Studies show patients experiencing gastrointestinal symptoms from gluten consumption who do not have coeliac disease.
‘For example, there are numerous studies that show patients experiencing gastrointestinal symptoms from gluten consumption who do not have coeliac disease. One study found patients with gluten-related IBS symptoms, but who had no mucosal (lining) damage – a characteristic of coeliac disease.
‘Other well-recognised research has paved a way forward for greater comprehension, and for NCGS to be taken seriously in its own right – distinct from coeliac disease. Interestingly, further research is looking at not only the health of the gut and gluten, but also gluten’s neurological effect.’
Diagnosing non-coeliac gluten sensitivity
NCGS has historically been harder to diagnose than coeliac disease, as it does not fit the same criteria. ‘Very often, genuine gluten intolerance or sensitivity is misunderstood and can be brushed aside by professionals,’ explains Norton.
‘Patients who are thought to be gluten sensitive by their doctor may have been referred for antibodies tests or indeed, biopsy, but neither of these methods is accurate for non-coeliac gluten sensitivity sufferers,’ she adds.
‘Doctors may test for an immune response to only one type of protein gliadin, called alpha-gliadin, but there is more than one type of these proteins found in gluten. Therefore, a negative result for this antibody does not fully rule out an immune response to other types of gliadin.’
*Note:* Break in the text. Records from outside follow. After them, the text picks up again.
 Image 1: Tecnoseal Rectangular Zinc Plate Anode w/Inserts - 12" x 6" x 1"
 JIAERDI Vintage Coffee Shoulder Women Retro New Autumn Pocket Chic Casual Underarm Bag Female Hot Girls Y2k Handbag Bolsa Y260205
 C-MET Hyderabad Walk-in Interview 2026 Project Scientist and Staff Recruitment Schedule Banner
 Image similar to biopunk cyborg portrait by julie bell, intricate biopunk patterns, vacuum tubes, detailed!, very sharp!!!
Non-coeliac gluten sensitivity symptoms
Symptoms of NCGS vary, but may include the following:
- Abdominal pain
- Joint pain
- Muscle pain
- Leg or arm numbness
- Chronic fatigue
⚠️ The range of symptoms displayed, and the severity of these, varies considerably between individuals.
How common is non-coeliac gluten sensitivity?
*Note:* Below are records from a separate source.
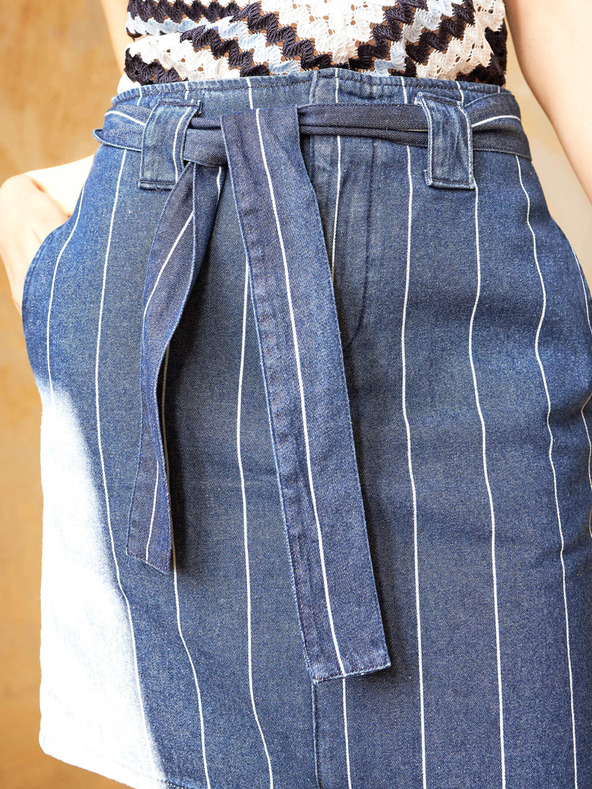 Orsay Синя раирана къса дънкова пола с връзки ORSAY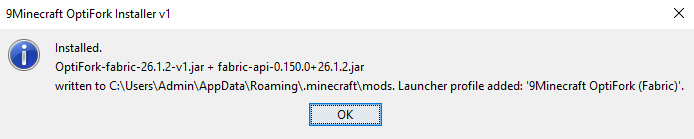 Bestätigungs-Popup, das zeigt, dass die OptiFork-Fabric-Jar erfolgreich in den Mods-Ordner geschrieben wurde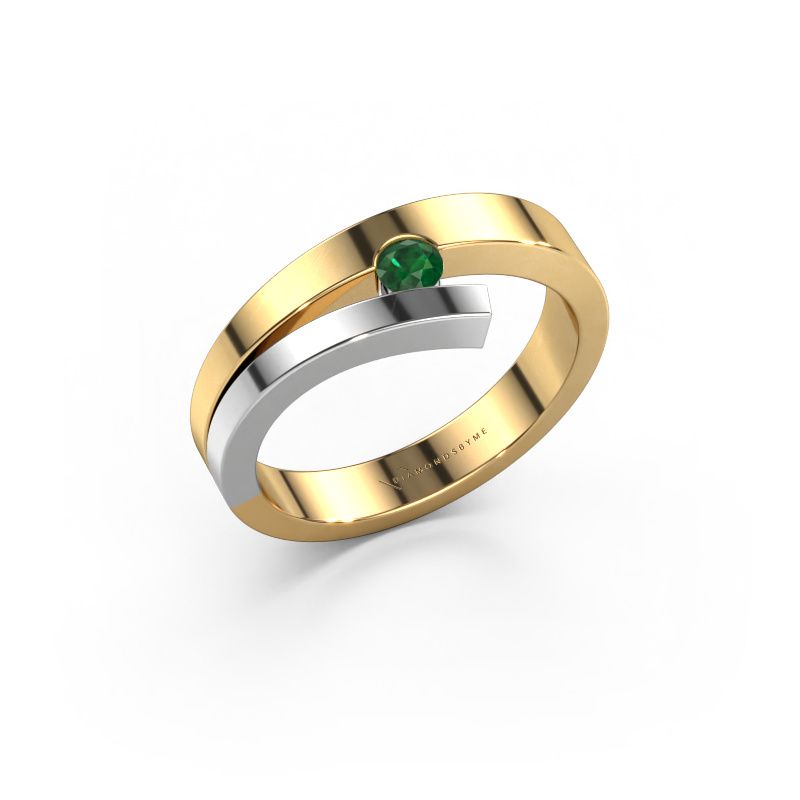 Bague Rosario 585 or jaune emeraude 3 mm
The overall prevalence of NCGS in the general population is unknown, largely due to the fact that many people self-diagnose and start a gluten-free diet of their own accord, without consulting a medical professional. You should always consult a certified medical professional if you suspect something is up.
Some experts believe that the incidence of non-coeliac gluten sensitivity is likely to be higher than coeliac disease and wheat allergy, estimating that it affects 0.63–6 per cent of the population.
Is gluten really always the culprit?
While NCGS is a recognised condition, emerging research indicates that, for some people, it might not actually be gluten causing their digestive symptoms, but malabsorption of a group of fermentable carbohydrates, known as FODMAPs, explains Grosse.
‘FODMAPs include a range of foods, like certain fruits (apples, pears), vegetables (leeks, onions, garlic), dairy products and legumes,’ she says. ‘A study at Monash University in 2013 studied a group of people who reported gluten made them worse, although they did not have coeliac disease. A low-FODMAP diet significantly reduced their symptoms. Participants who had reported improvements in GI symptoms on a gluten-free diet before the study had even fewer symptoms on a low FODMAP diet.’
When the participants were given gluten after following the low-FODMAP diet, there was a surprising result. ‘When gluten was challenged with these participants, up to the equivalent of 10 slices of wheat bread, there was no difference in symptoms,’ reveals Grosse. ‘In other words, gluten had no effect on symptoms.’
This, says Grosse, has led to much debate about whether NCGS is a distinct clinical diagnosis.
Non-coeliac gluten sensitivity treatment
It’s not recommended that individuals embark on a gluten-free diet without professional guidance, as there is a risk of becoming low in fibre and B vitamins if this is not done properly.
‘If you are experiencing gastrointestinal symptoms and your GP or gastroenterologist has ruled out coeliac disease, see a dietitian with an interest in gut health and digestive diseases,’ advises Grosse. ‘They can help you identify if foods are a trigger, and how to manage your symptoms while optimising your food variety.’